Apply complete! Resources: 2 added, 0 changed, 2 destroyed.

So, how does this actually work? The answer is here in the content attribute of team_guide.

resource "local_file" "team_guide" {
  content = join("\n", [for k, v in --> *module.teams* <-- : join(": ", [k, v.content])])
  filename = "team_guide.txt"
}

Because this for expression is referencing module.teams, Terraform creates an implicit dependency between these resources. That's it! You could technically add an explicit depends_on to the resource but it wouldn't change anything about Terraform's resource graph.

One tricky thing that I learned about the dependency graph when using depends_on is that it doesn't work the way that I would have expected it to in a system like Puppet which refreshes it's "state" every time it runs (because, for the most part, it doesn't have any state). To demonstate this, let's modify the configuration in main.tf so that the file content is gathered using the file() function, instead.

resource "local_file" "team_guide" {
  content = join("\n", [for k, v in local.teams : "${k}: ${file(k)}"])
  filename = "team_guide.txt"
}

Now if we modify one of the team again and terraform apply, we see that the only change that is picked up is on the the change to the team itself and not the team_guide which is reading in the file.

  # module.teams["b"].local_file.team_data must be replaced
-/+ resource "local_file" "team_data" {
      ~ content              = "great team. we change names a lot. weekly, at least." -> "great team. we don't change our name often." # forces replacement
      ~ id                   = "2c2d10292d625d948193136bfa981ffa84c1a6dd" -> (known after apply)
        # (3 unchanged attributes hidden)
    }
...
module.teams["b"].local_file.team_data: Destroying... [id=2c2d10292d625d948193136bfa981ffa84c1a6dd]
module.teams["b"].local_file.team_data: Destruction complete after 0s
module.teams["b"].local_file.team_data: Creating...
module.teams["b"].local_file.team_data: Creation complete after 0s [id=f18ea0e62d069cf8b1383dd84f46ffd3d5d3555d]
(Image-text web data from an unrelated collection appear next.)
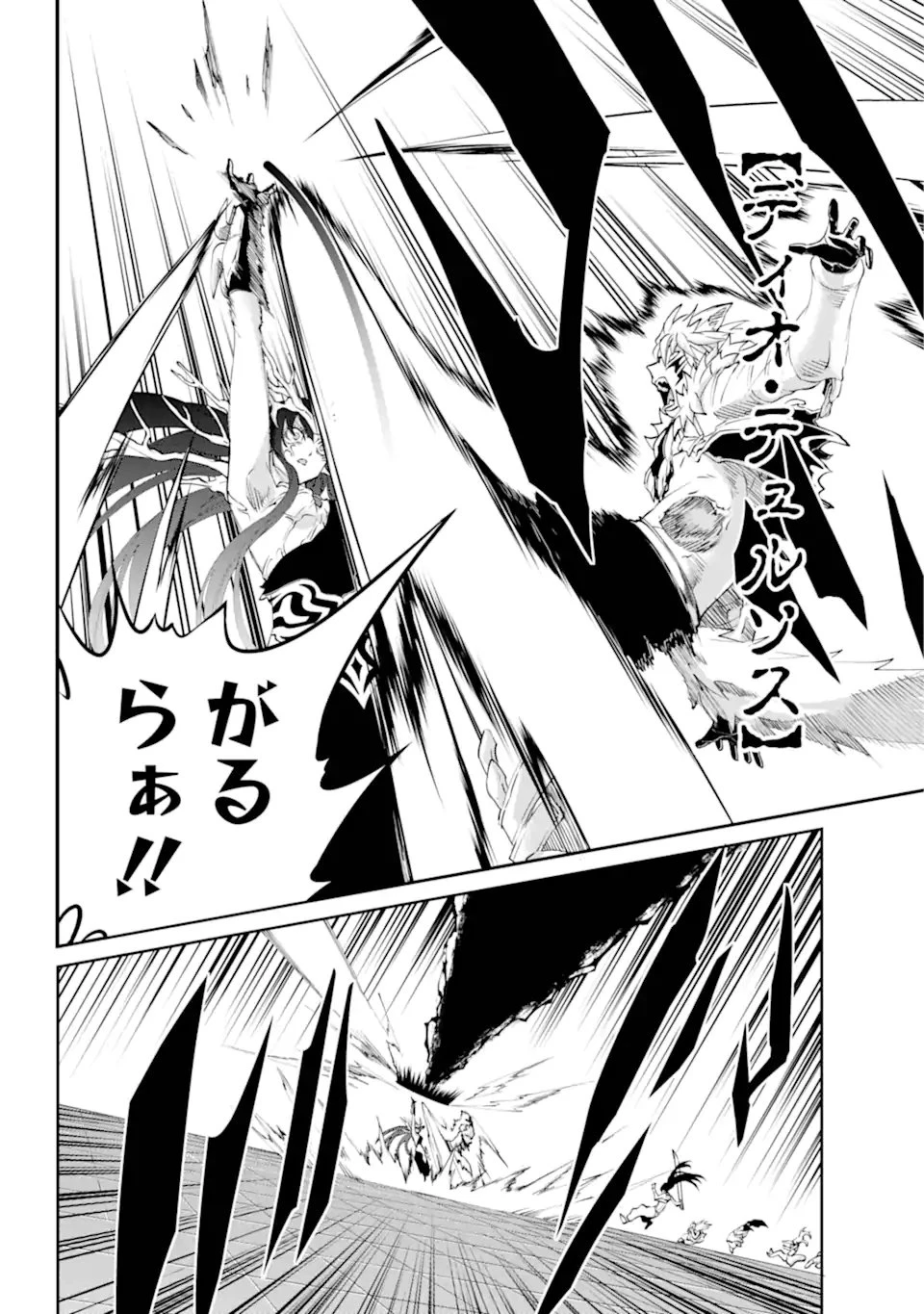 ダンジョンに出会いを求めるのは間違っているだろうか外伝ソード・オラトリア 第135.3話 - 17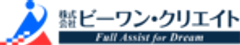 株式会社ビーワン・クリエイトのロゴ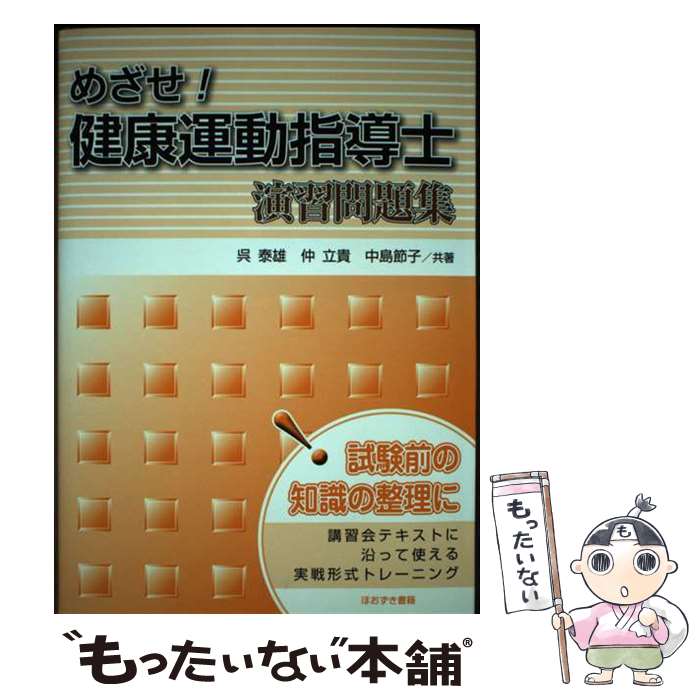 楽天市場】健康運動指導士問題集の通販 楽天市場】健康運動指導士問題集の通販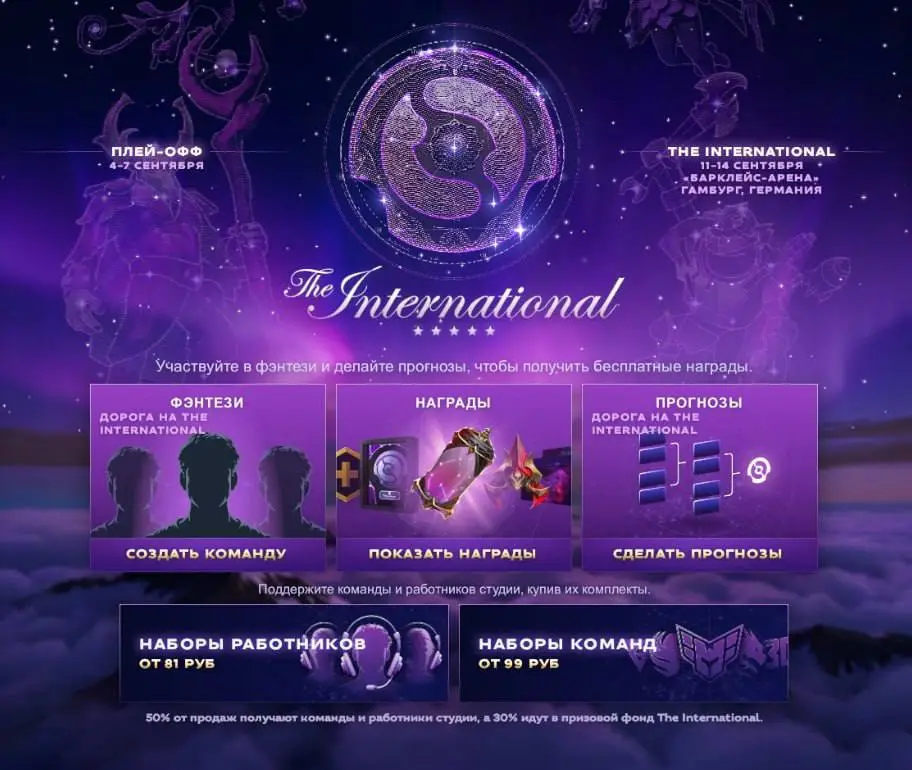 В Dota 2 вышел компендиум с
Apply complete! Resources: 1 added, 0 changed, 1 destroyed.

If we run terraform apply again then we will see that the Terraform plan that is implicitly run as part of apply action has picked up the changes to the files on disk, and the diff has been handed that off to apply so now it will converge as expected. For more details on why this is, read about the resource lifecycle

  # local_file.team_guide must be replaced
-/+ resource "local_file" "team_guide" {
      ~ content              = <<-EOT # forces replacement
            a: hey, I'm a. aaaaaay!
          - b: great team. we change names a lot. weekly, at least.
          + b: great team. we don't change our name often.
            c: int main () { return 0; }
        EOT
      ~ id                   = "f5533e02419d3af8acb8736662de1eb54e755544" -> (known after apply)
        # (3 unchanged attributes hidden)
    }

Plan: 1 to add, 0 to change, 1 to destroy.

If your brain is used to the patterns used by Puppet, you would expect that adding a depends_on to the resource would resolve this issue. It does not. The reason for this is that adding this dependency does not change the diff that will be generated during the plan stage. The file being read by file() simply will not have changed at that point. There is no concept of a "refresh" between resources in Terraform that would force an update of resources in the dependency graph based on another resource changing. Instead, all of the resources that are known are queried during the plan stage and a diff is generated using those values against the current state file.

I found this to be very counter-intuitive when I first started learning Terraform due to my familiar patterns that I knew from Puppet but once I learned and updated my understanding with how Terraform works, I found that I was able to reason about how my configurations will be applied much better. I hope that this post helped you have some similar epiphanies of your own about Terraform. Thanks for reading!